Den offenkundig schwungvollen Medikamentenhandel belegt Weiss mit vertraulichen Dokumenten, die in Auszügen auch den VN vorliegen.
VN: Der Vorarlberger Ärztekammerpräsident hat dezidiert ausgeschlossen, dass heimische Ärzte in die Sache involviert sind.
Weiss: Aus meinen Dokumenten geht hervor, dass, genau so wie in anderen Bundesländern, auch Vorarlberger Ärzte von Pharmafirmen Gratismedikamente erhalten, wenn sie eine bestimmte Menge kaufen.
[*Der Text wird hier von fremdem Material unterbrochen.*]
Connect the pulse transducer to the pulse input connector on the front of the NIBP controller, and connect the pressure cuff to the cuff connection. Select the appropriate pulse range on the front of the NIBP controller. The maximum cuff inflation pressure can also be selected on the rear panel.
VN: Was ist an einem Rabatt verwerflich?
Weiss: Verwerflich finde ich, dass es sich teilweise um enorme Mengen handelt und das systematisch erfolgt. Es sind ja nicht nur Einzelaktionen. Es herrscht sozusagen ein ständiger Sommerschlussverkauf für Medikamente. Häufig wird die gleiche Menge an Medikamenten, die der hausapothekenführende Arzt kauft, noch einmal dazugeschenkt. Was ein deutlicher Hinweis dafür ist, dass die offiziellen Preise sowieso absurd sind. Und wir bezahlen, was letztlich nur dem Arzt zugute kommt.
VN: Es heißt aber, die Ärzte würden an den Medikamenten nicht viel verdienen.
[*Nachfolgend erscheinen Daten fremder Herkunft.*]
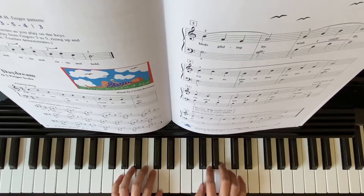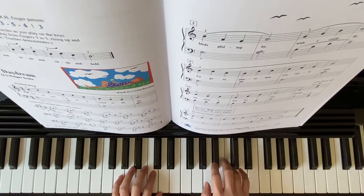You might want to warm up your right hand with the finger pattern: three five four, three five four, three five four, three — to get used to it before you practice the song.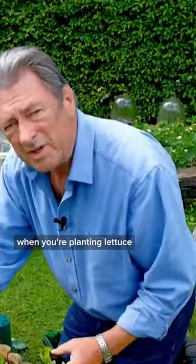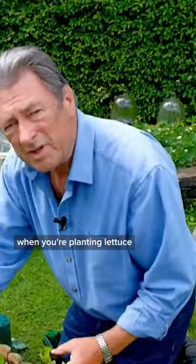It's important when you're planting lettuce not to put them in too deeply. Exactly at the point at which the lettuce plant meets the earth should be level with the new earth, otherwise they tend to rot off on the bottom.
Weiss: Natürlich verdienen die etwas. Der Arzt verschreibt ein Medikament, die Patienten lösen das Rezept wieder bei ihm ein und er verrechnet es vermutlich der Krankenkasse weiter. Aber daran ist, wie ich mit Erstaunen lernen musste, offenbar nichts Illegales.
VN: Wie sieht es mit der moralischen Seite aus?
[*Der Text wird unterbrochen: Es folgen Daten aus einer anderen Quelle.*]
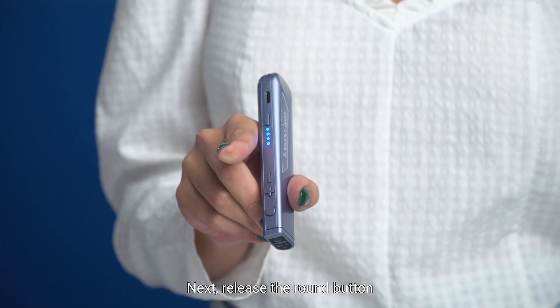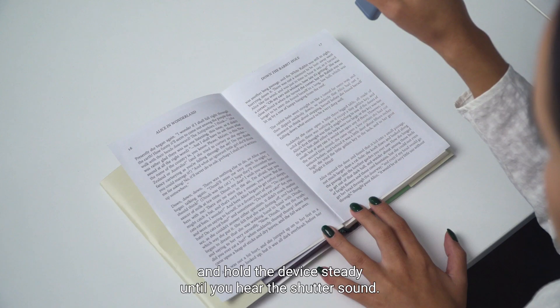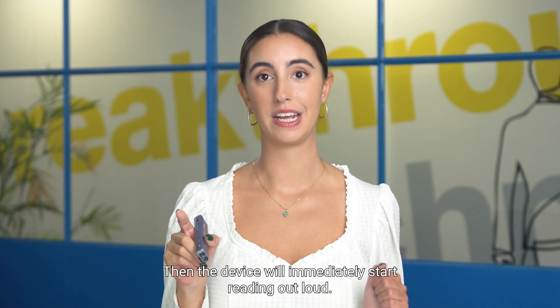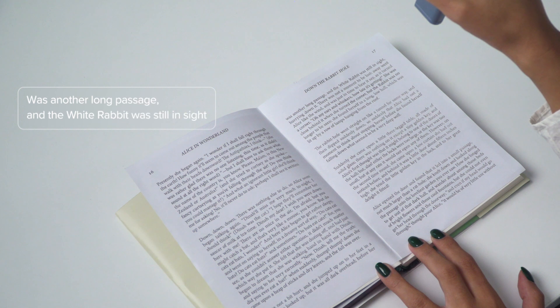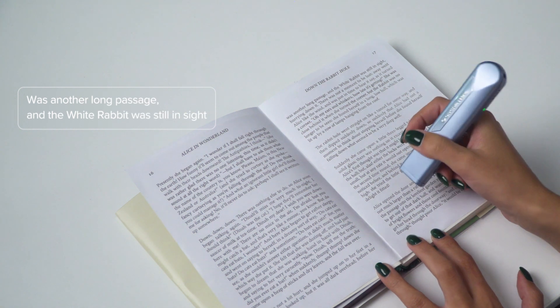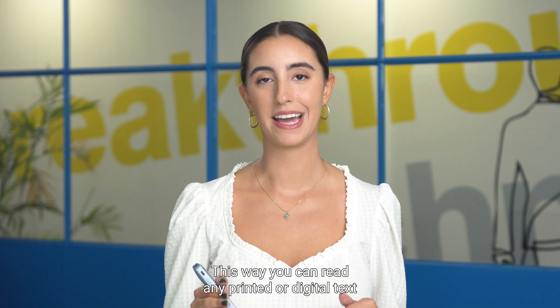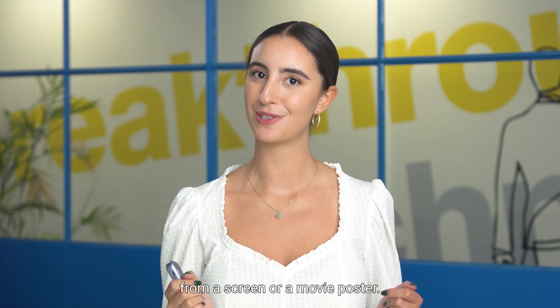Release the round button and hold the device steady until you hear the shutter sound. Then the device will immediately start reading out loud. This way, you can read any printed or digital text from a screen or a movie poster.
Weiss: Für mich ist das ein klassischer Fall von Korruption. Juristisch gesehen scheint zwar nichts schief, aber das kann sicher nicht im Interesse der Krankenkassen, der Beitragszahler und der Volkswirtschaft sein. Zudem verschreiben hausapothekenführende Ärzte nach meinen Berechnungen um durchschnittlich 40 Prozent mehr Medikamente.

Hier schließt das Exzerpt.